5. Too much noise. You're retrieving 20 chunks and most are irrelevant, drowning out the good ones. Fix: Reranking, or reduce top_k.
The single most common RAG failure I see in production: developers never look at their chunks. They ingest documents and assume the chunking worked. Always manually inspect 20-30 random chunks before going to production. You'll be surprised how often tables are garbled, code blocks are split mid-function, or section headers are separated from their content.
Production RAG: Beyond the Prototype
Caching
Cache at two levels: embedding cache (don't re-embed the same query twice) and result cache (same query, same answer).
import hashlib
from functools import lru_cache
class CachedRAG:
def __init__(self, agent: RAGAgent):
self.agent = agent
self._query_cache = {}
def answer(self, question: str, cache_ttl: int = 3600) -> str:
cache_key = hashlib.sha256(question.strip().lower().encode()).hexdigest()
if cache_key in self._query_cache:
cached = self._query_cache[cache_key]
if time.time() - cached["timestamp"] < cache_ttl:
return cached["answer"]
answer = self.agent.answer(question)
self._query_cache[cache_key] = {
"answer": answer, "timestamp": time.time()
}
return answer
Index Maintenance
Your knowledge base isn't static. Documents get updated, new ones are added, old ones are removed. You need a strategy:
- Incremental updates: Track document hashes. Re-embed only changed documents.
- Scheduled re-indexing: Full rebuild nightly or weekly, depending on change frequency.
- Version tracking: Keep the previous index version so you can roll back if a new ingestion introduces problems.
Monitoring
Log every retrieval. You want to see:
- What queries are hitting the knowledge base
- What's being retrieved (and what's not)
- Similarity scores - are they trending lower?

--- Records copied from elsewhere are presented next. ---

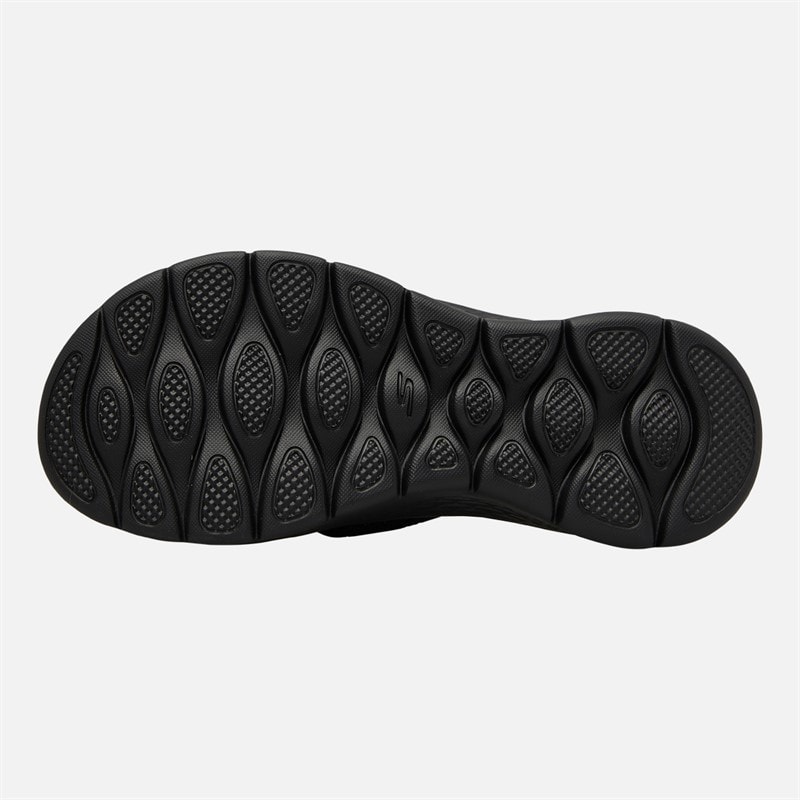 SKECHERS Womens Go Walk Flex Timeless Sliders Black - Image 2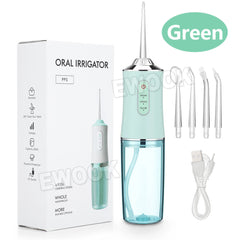 Water Flosser Cordless - 220ml Oral Irrigator 3 Modes IPX7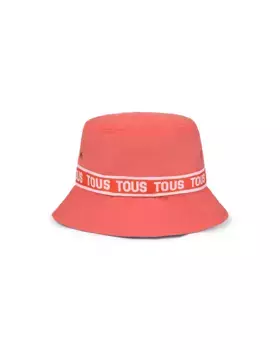 Кепка с логотипом TOUS, коралловый
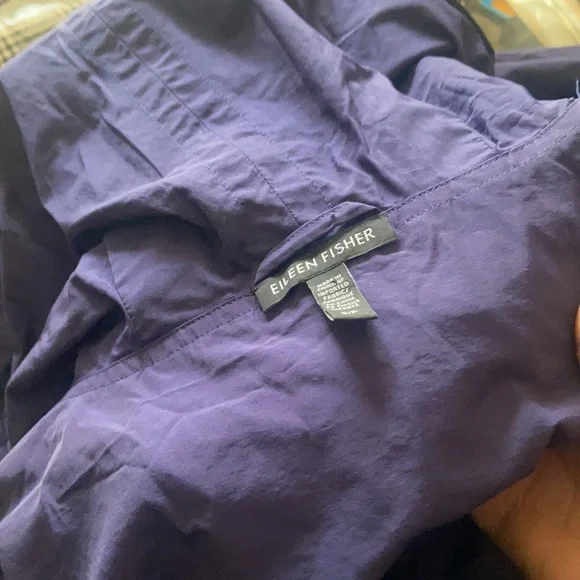 Eileen Fisher reversible rain coat - Picture 11 of 12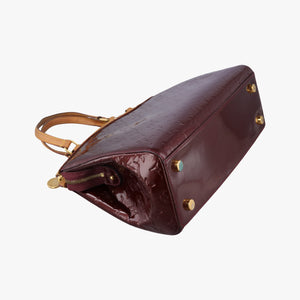 Pre-owned Louis Vuitton Brea MM ROUGE FAUVISTE Vernis M91690 shoulderbag | stylenewstar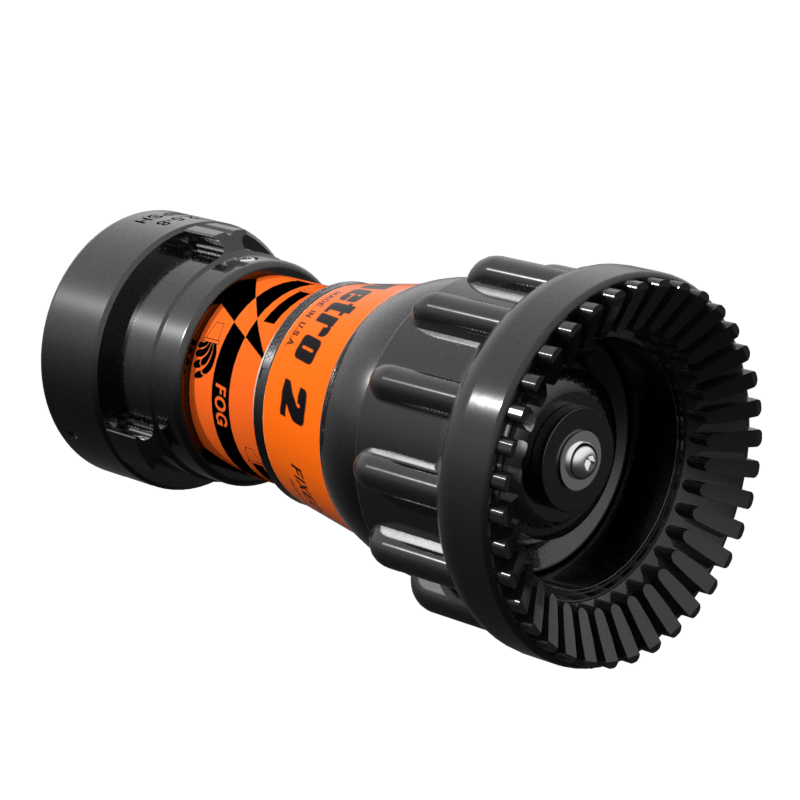 Metro 2 Fixed Flow Nozzle Tip - 250 GPM at 100 PSI, 2.5" NHF Rigid Inlet, Rubber Teeth Metro 2 Fixed Flow Nozzle Tip - 250 Gpm At 100 Psi, 2.5&Quot; Nhf Rigid Inlet, Rubber Teeth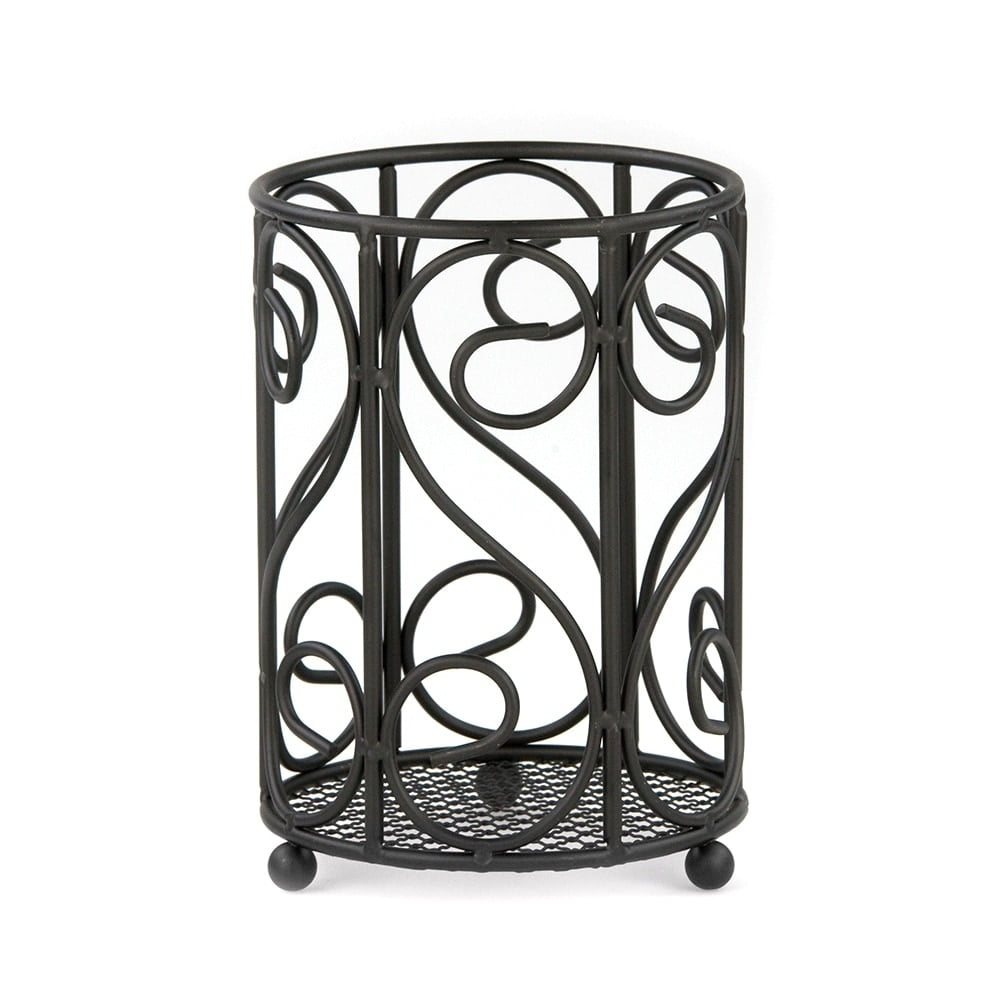 Home Basics Black Cutlery Holder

Your index might be stale.
- Latency breakdowns: embedding time, search time, generation time
Case Study: Customer Support Agent with RAG
Let's bring it together with a real-world scenario. You're building a support agent for a SaaS product with 200 pages of documentation.
class SupportAgent:
def __init__(self):
self.rag = RAGAgent(model="gpt-4o")
self.rag.system_prompt = """You are a customer support agent for
Acme SaaS. Answer questions using ONLY the provided documentation context.
Guidelines:
- Be helpful and empathetic
- If you don't know, say "I don't have information about that in our
documentation. Let me connect you with a human agent."

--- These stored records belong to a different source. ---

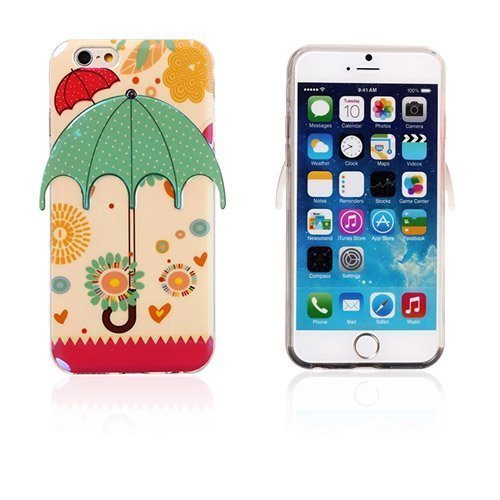 3d Umbrella Piirretty & Pilkut Iphone 6 Suojakuori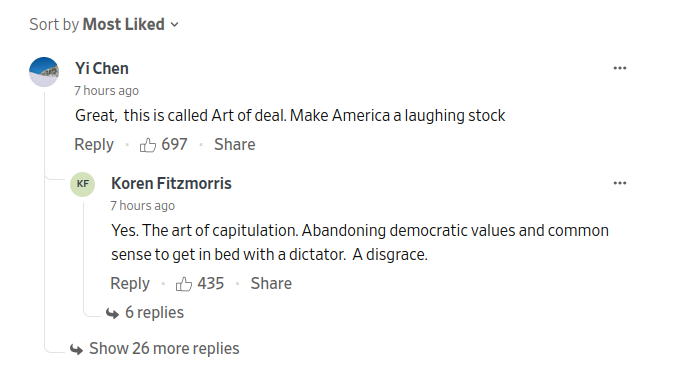 how2crankdat's tweet photo. @realDonaldTrump I genuinely don't think I'd ever see the WSJ comment section turn on Trump like this. That's how you know it's *actually* bad out here https://t.co/dQ6fYQ91Pt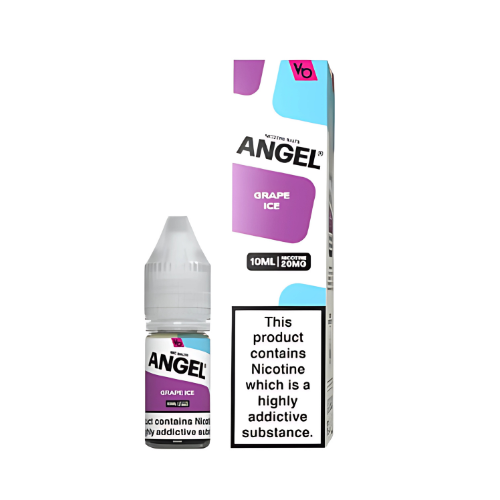 Angel Nic Salts 10ml  20 mg Pack Of 10,  Grape Ice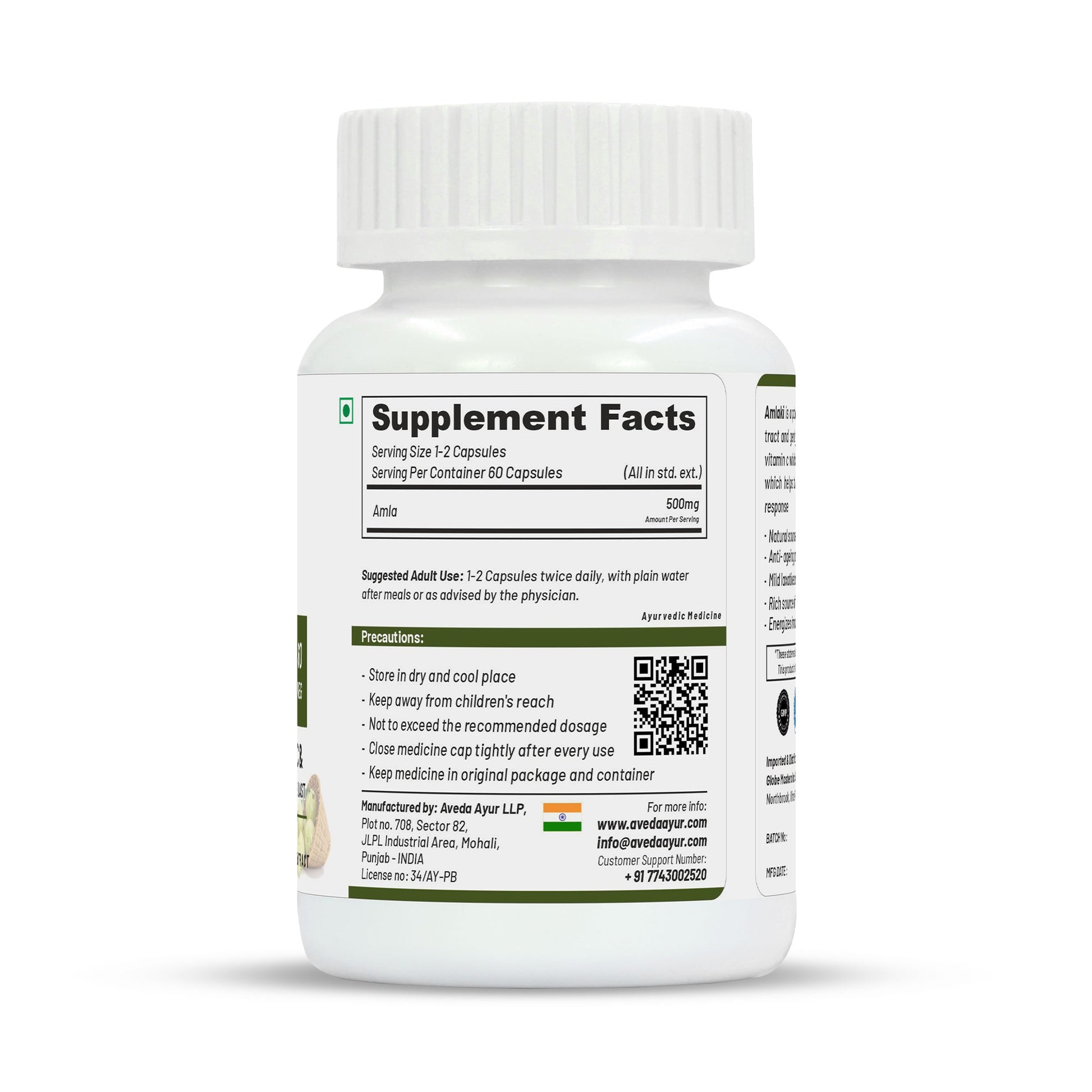 Life Aveda Premium Amlaki Capsules - Grab2buy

- Always cite the relevant doc section
- For billing questions, provide the info but suggest contacting
billing@acme.com for account-specific changes
- Never make up features or pricing"""
# Ingest all documentation
self._load_docs()
def _load_docs(self):
loader = DocumentLoader()
docs = []
doc_dir = Path("./knowledge_base")
for file_path in doc_dir.glob("**/*"):
if file_path.suffix in [".md", ".pdf", ".html"]:
docs.append({
"source": file_path.name,
"content": loader.load(str(file_path)),
"metadata": {
"category": file_path.parent.name,
"last_updated": file_path.stat().st_mtime
}
})
self.rag.ingest(docs)
def handle_query(self, user_message: str,
conversation_history: list = None) -> dict:
"""Handle a support query with RAG."""
# Retrieve relevant docs
chunks = self.rag.retrieve(user_message, top_k=5)

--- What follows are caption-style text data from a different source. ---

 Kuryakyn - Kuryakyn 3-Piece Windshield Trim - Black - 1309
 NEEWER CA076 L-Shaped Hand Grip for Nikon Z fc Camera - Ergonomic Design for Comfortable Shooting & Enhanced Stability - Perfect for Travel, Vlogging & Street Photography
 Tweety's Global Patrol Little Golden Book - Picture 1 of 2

# Check retrieval confidence
if not chunks or all(
c.metadata.get("similarity", 0) < 0.3 for c in chunks
):
return {
"answer": "I couldn't find relevant information in our "
"documentation. Let me connect you with a "
"human agent who can help.",
"escalate": True,
"sources": []
}
answer = self.rag.answer(user_message)
return {
"answer": answer,
"escalate": False,
"sources": [c.metadata["source"] for c in chunks]
}
This agent handles the happy path (answer from docs), the failure path (escalate to human), and provides source citations for transparency. It's not fancy, but it works - and it's what 90% of production RAG agents look like under the hood.
The key takeaway from this chapter: RAG quality is determined by your ingestion pipeline, not your LLM. Spend 80% of your time on chunking, embedding selection, and retrieval tuning. The generation step is the easy part.